Here are some early thoughts about the scientific coding culture that we can extract from these roles:

All of these scientist types are probably not going to be spending as much time planning and thinking out their code as perhaps a computer scientist would.

They may not even know all the available techniques and tools out there, may find it too cumbersome to learn, or may not be able to define their problems in such a way that appropriate tools and library can be found.

Adding in any new tool or library will potentially be an afterthought - something that will be added in after a piece of code is already written and running (possibly poorly) in production.

They are looking for ways to solve their immediate pain points, not necessarily for ways for their code to be more efficient. Science results are the goal, not efficient code.

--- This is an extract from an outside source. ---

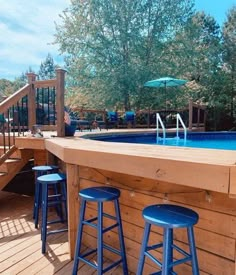 an above ground pool with two stools next to it and stairs leading up to the deck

All of these factors in the scientific coding culture mean that scientists often think and write code in ways that are different from computer scientists. They have different constraints and different motivations. This leads to a potential mismatch between what workflow tools are expecting and what domain scientists can provide. Since there is such a strong push to increase computational competency in the sciences, one may wonder if these differences dissolve over time. But when you look at the three roles, you see that there will typically be a range of skills, and often technology moves exponentially while people tend to learn incrementally**. Any individual scientist may increase his computational competency over time but at a slower rate than technological advances. Although we cannot anticipate how this coding culture will change over time, it is likely to continue to be true that tools aimed at computer scientists will not always align well with the way domain scientists code. Therefore, tools that are specifically targeted towards scientific coding should aim to empower these scientists while respecting their coding culture.

** Law of Disruption by Larry Downes